• TASK DESCRIPTION
The answer must be a single number: the count of lines in the data below that hold the word "фото".

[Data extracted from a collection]
_ _ _

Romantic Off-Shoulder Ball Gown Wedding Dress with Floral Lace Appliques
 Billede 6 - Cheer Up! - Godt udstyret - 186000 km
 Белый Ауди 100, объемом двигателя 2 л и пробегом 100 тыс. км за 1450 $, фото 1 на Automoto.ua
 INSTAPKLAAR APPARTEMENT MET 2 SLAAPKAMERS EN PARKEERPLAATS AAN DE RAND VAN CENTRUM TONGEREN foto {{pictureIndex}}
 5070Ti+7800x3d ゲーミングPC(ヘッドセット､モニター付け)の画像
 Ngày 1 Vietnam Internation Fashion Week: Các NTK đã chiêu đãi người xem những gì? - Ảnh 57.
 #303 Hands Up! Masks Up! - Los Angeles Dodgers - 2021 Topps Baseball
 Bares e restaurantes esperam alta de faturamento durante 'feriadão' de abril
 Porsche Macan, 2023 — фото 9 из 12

_ _ _

• REPLY
2